Le 14 mars 1793, le sergent Adam Vrooman, un loyaliste de l’Empire-Uni, ligote violemment Chloe Cooley, une femme noire qu’il a réduite en esclavage, à l’aide d’une corde. (Voir aussi Loyalistes au Canada.) Deux hommes l’aident : son frère Isaac et un des cinq fils de McGregory Van Every, un loyaliste de l’Empire-Uni. Ensemble, ils embarquent Chloe Cooley dans un bateau et lui font traverser la rivière Niagara pour la vendre dans l’État de New York.

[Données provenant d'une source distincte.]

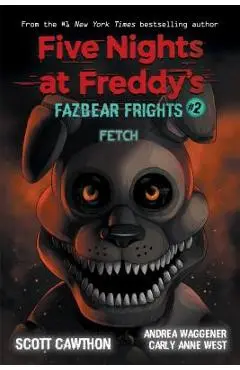 Fetch (Five Nights at Freddy's: Fazbear Frights #2), Volume 2 - Scott Cawthon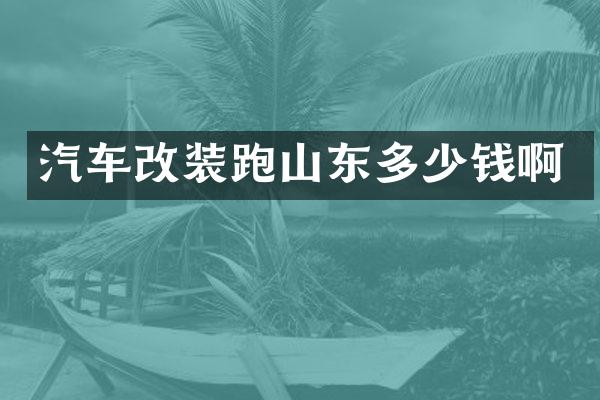 汽车改装跑山东多少钱啊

Elle résiste farouchement, mais sans succès.

Les cris perçants de Chloe Cooley permettent à Peter Martin, un loyaliste noir autrefois réduit en esclavage par John Butler, de comprendre ce qui se passe.

Peter Martin, un ancien combattant du régiment des Butler’s Rangers, est accompagné d’un témoin, William Grisley, lorsqu’il rend compte de l’incident au lieutenant-gouverneur John Graves Simcoe et au Conseil exécutif du Haut-Canada à Newark (de nos jours Niagara-on-the-Lake, en Ontario). William Grisley, un résident blanc de Mississauga Point, située à proximité, offre un témoignage détaillé des événements. En effet, cet employé du sergent Adam Vrooman se trouvait à bord du bateau transportant Chloe Cooley, mais il n’a pas aidé ceux qui l’ont ligotée.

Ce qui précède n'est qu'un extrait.